TO DO: All pictures are to be excluded when the data below is output verbatim.

RECORDED INFORMATION:
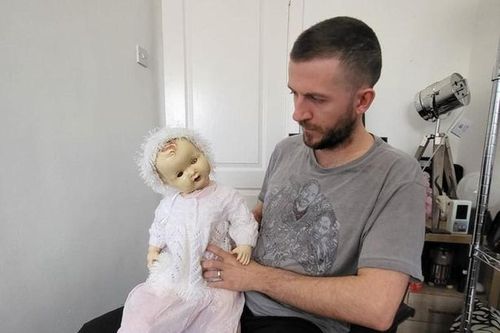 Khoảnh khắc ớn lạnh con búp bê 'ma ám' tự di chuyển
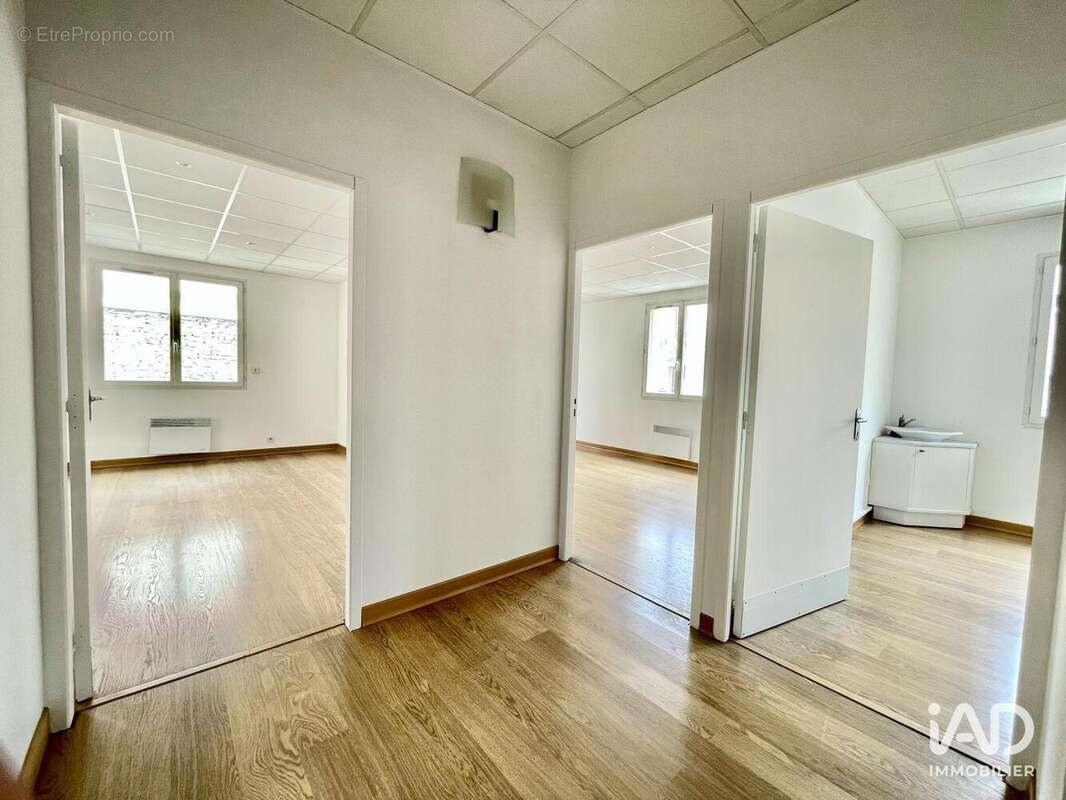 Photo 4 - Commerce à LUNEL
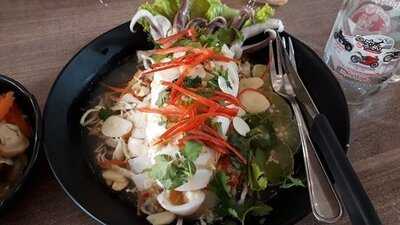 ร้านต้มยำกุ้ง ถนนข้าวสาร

ANSWER BOX:
 Khoảnh khắc ớn lạnh con búp bê 'ma ám' tự di chuyển
 Photo 4 - Commerce à LUNEL
 ร้านต้มยำกุ้ง ถนนข้าวสาร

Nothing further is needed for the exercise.